The US Dollar pushed higher overnight, although not driven by the usual correlation with bond yields. The US 10 year is now down to 2.86% from its high at 2.95% less than a week ago, which caused the recent severe stock market sell-off. This move is now reversing with bond yields running out of steam and the stock market taking back most of its losses. We have seen flows back into the USD as confidence returns in equity markets.
Mario Draghi spoke last night with no real direction given on EU policy changes, however, he did claim there are no currency wars at play, after Mnuchin’s comments some weeks ago talking down the Dollar. We will see if this holds true if the Euro continues to push higher after the consolidation at 1.23 we are seeing. a push to new highs above 1.25 will become increasingly uncomfortable for Draghi and put the EU’s recovery at risk. In other European news, we heard comments on tax reform plans to introduce a tax on companies where the customer is based, rather than where the company is registered. This is one of the first major attempts we have seen from European lawmakers against the likes of Google and Facebook who enjoy the lucrative markets of Europe but move profits to the likes of Luxembourg and Northern Ireland for their low company tax rates. The Euro found some weakness off the back of these comments.
After a week of positive Brexit news last week we saw some negative news headlines after Jeremy Corbyn announced he is trying to gather support to take on Teresa May and change the direction of Brexit negotiations. We saw a sharp sell-off in the Sterling of 120 points, however not an unusual move for the cable.
Looking forward we have a raft of CPI data due around the globe. Japan kicks things off, expecting 0.6% after an uncharacteristic beat last month. Next, we have German and Spanish CPI data in the European session which will be overshadowed later by US Durable Goods Orders.
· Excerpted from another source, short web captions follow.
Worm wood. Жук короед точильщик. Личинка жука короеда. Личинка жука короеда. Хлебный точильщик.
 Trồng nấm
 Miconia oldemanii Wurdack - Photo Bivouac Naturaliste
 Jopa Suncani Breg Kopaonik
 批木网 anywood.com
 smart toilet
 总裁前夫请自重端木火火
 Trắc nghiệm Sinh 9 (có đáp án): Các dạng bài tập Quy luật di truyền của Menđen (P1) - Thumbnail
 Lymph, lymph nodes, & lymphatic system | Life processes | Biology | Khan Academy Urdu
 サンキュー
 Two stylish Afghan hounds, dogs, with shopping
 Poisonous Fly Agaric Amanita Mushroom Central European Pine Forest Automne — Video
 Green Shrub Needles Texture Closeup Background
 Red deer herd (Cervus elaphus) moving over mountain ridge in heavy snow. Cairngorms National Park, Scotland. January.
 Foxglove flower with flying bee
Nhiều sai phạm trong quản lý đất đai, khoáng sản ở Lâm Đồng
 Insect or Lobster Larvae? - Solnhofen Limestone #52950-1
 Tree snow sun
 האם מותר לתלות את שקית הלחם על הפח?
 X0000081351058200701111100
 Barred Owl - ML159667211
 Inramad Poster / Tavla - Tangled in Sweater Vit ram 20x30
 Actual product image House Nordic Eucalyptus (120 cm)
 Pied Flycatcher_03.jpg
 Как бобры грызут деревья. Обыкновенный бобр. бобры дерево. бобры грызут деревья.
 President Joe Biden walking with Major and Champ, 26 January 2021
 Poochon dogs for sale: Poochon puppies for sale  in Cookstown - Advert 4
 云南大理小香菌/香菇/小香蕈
We are expecting a read of 0.4%, and any surprise will affect inflation expectations which will drive bond yields and in turn the direction of US stock markets in the coming session. The market is less focused on the Feds tightening course as this year’s hikes are more or less priced in. All eyes are on inflation after some strong numbers of late.
New Fed Chair, Jerome Powell testifies in Washington for the first time tonight, however, do not be sucked into expecting surprise headlines from this talk as his speech was released to the market last week.
Traders will be keeping a keen eye on the Kiwi as the flightless bird has brushed up against a fairly well-established trendline support level several times in recent days. with no Kiwi data on the immediate horizon, traders will be looking for strong US data for a break of this key level to the downside.